What MDClone does is to invent non-existent patients with false characteristics and conduct research on them. How can research be conducted on non-existent patients? MDClone chief science officer, former IDF general headquarters Center for Systems Analysis head, and former Israel Air Force Operations Research unit head Hovav Dror explains, "Using sophisticated mathematical models, we create fictitious people for whom the relation between the data that interests us is the same as in the original data, but other parameters are different, so that the particulars on the original record can never be reproduced."

How do you know which data in each record are important to preserve? That is what we want to research - the connection between things.

Dror: "The system scans all the variables and the connections between them, and we preserve all the important correlations. If there are a million variables, we won't do so well, but we manage to preserve real information about the complex connections between hundreds of variables."

When you present the information to the researcher, you have actually already done the work. You have examined the connections and decided where there are correlations, and have brought the researcher what purports to be complete medical records. But the only correlations for which the real information was actually preserved are those that the system has classified as interesting.

"That is true to a large extent. We give them a very widespread network of connections, but only the system knows all the connections, because they are so many and widespread. A researcher is actually asking the system a research question about a specific connection that interests him, while our aim is that only researchers with a high level of access to clinical information can investigate these data, but the information will be very accessible."

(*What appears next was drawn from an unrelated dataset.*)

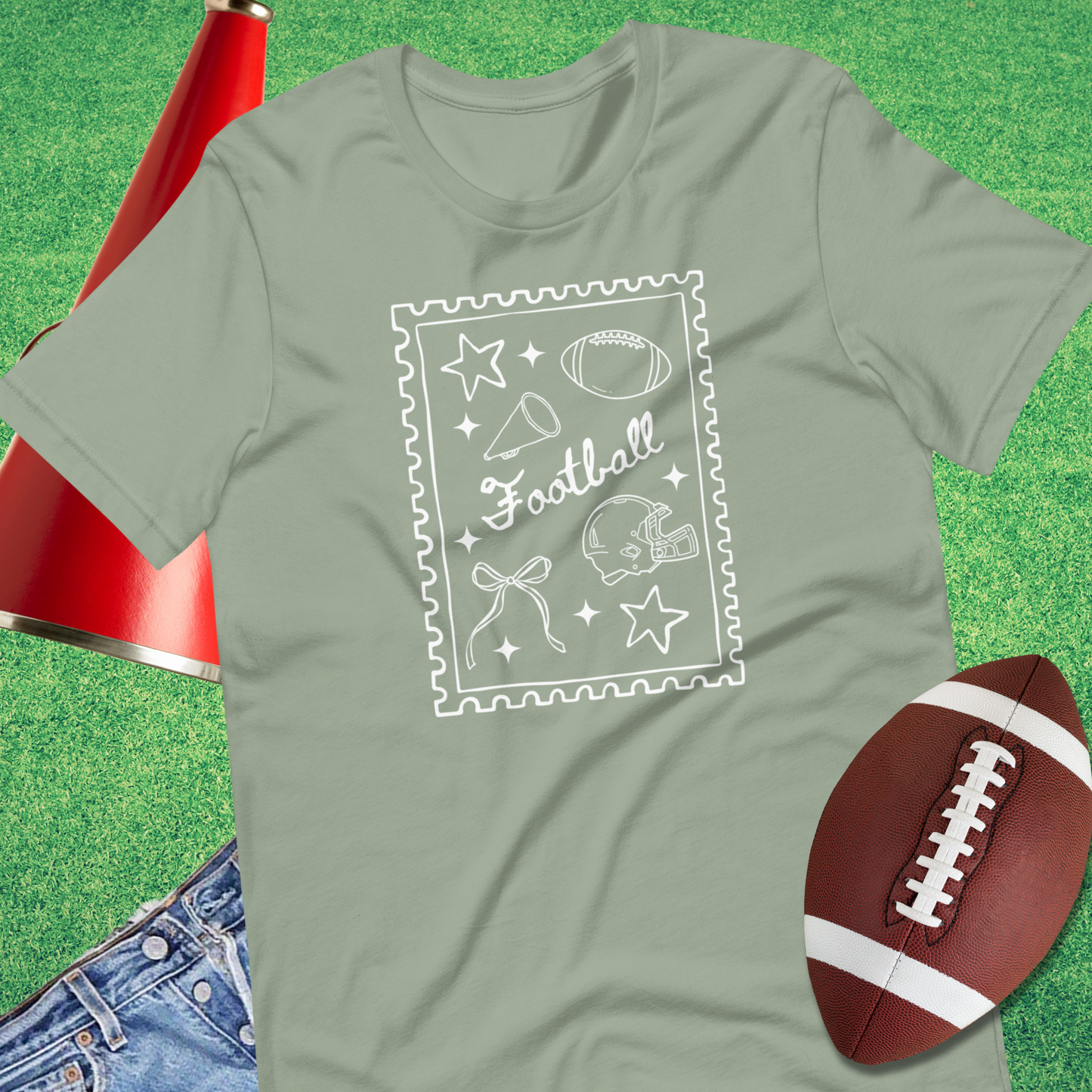 green football trendy fan stamp with icons gift
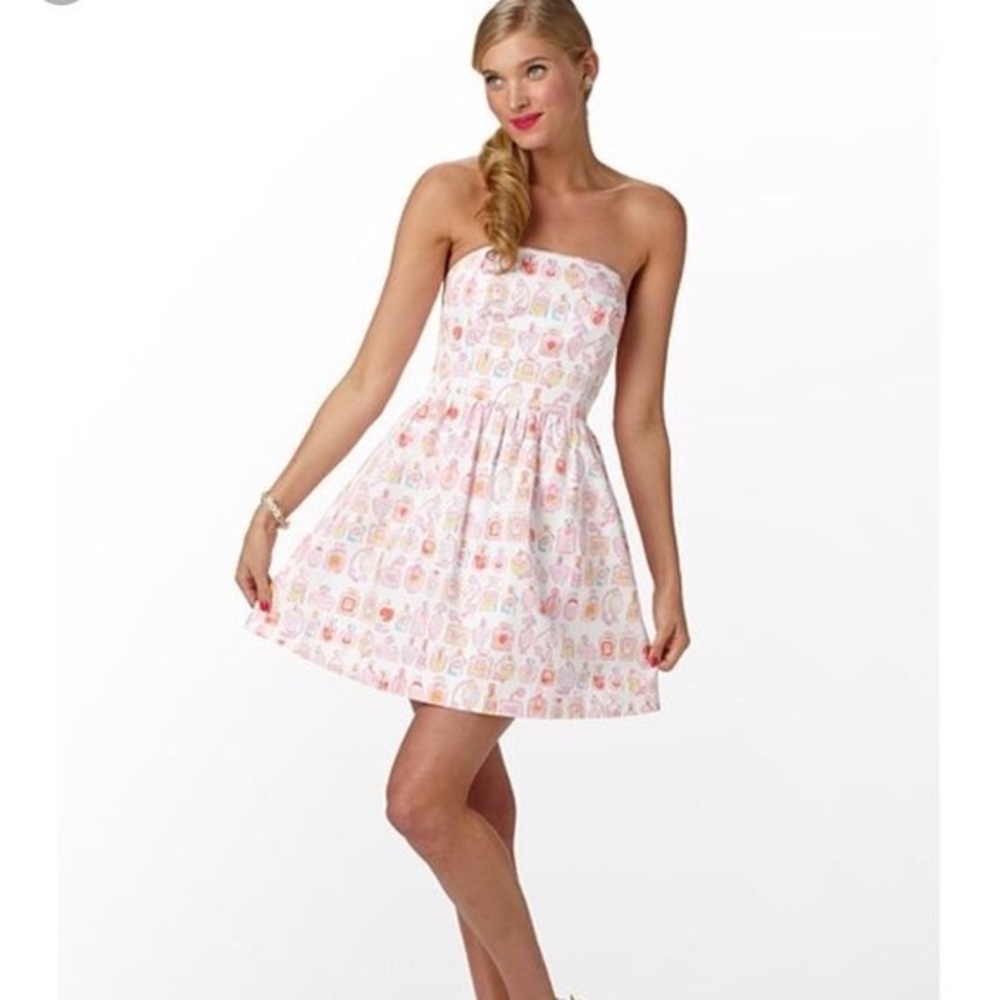 Lilly Pulitzer Perfume Bottle Strapless Dress - Size 12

Rambam endocrinologist Dr. Irit Hochberg is the first one to conduct research using the new technology, after having conducted a preliminary study to validate the technology's accuracy, based on data from her department. The validation study question involved identification of factors increasing the risks of developing hypoglycemia among hospitalized diabetes patients. Hochberg compared the patients' real data with the parameters found to be important and predictive using the new system, and showed that the results obtained were the same.

Rambam director Professor Rafael Beyar said, "This technology enables us to be in the forefront of science and development quickly and efficiently, while every doctor at the hospital who has obtained authorization can lead research, while preserving absolute medical confidentiality. This will facilitate a breakthrough in medical knowledge, increase the speed and availability of research capabilities, cut costs, and especially completely ensure patients' anonymity."

Hochberg added, "A doctor encounters medical scientific questions on a regular basis when treating patients. MDClone's technology makes research capability directly accessible to the doctor. It shortens the time needed from the idea for a research question until retrieval of the data for answering the question from months to a few hours. In this way, scientific answer can be obtained quickly, while preserving the complete confidentiality of the patients' medical information." Research on people, even if the research is big data, still requires approval from the Ministry of Health.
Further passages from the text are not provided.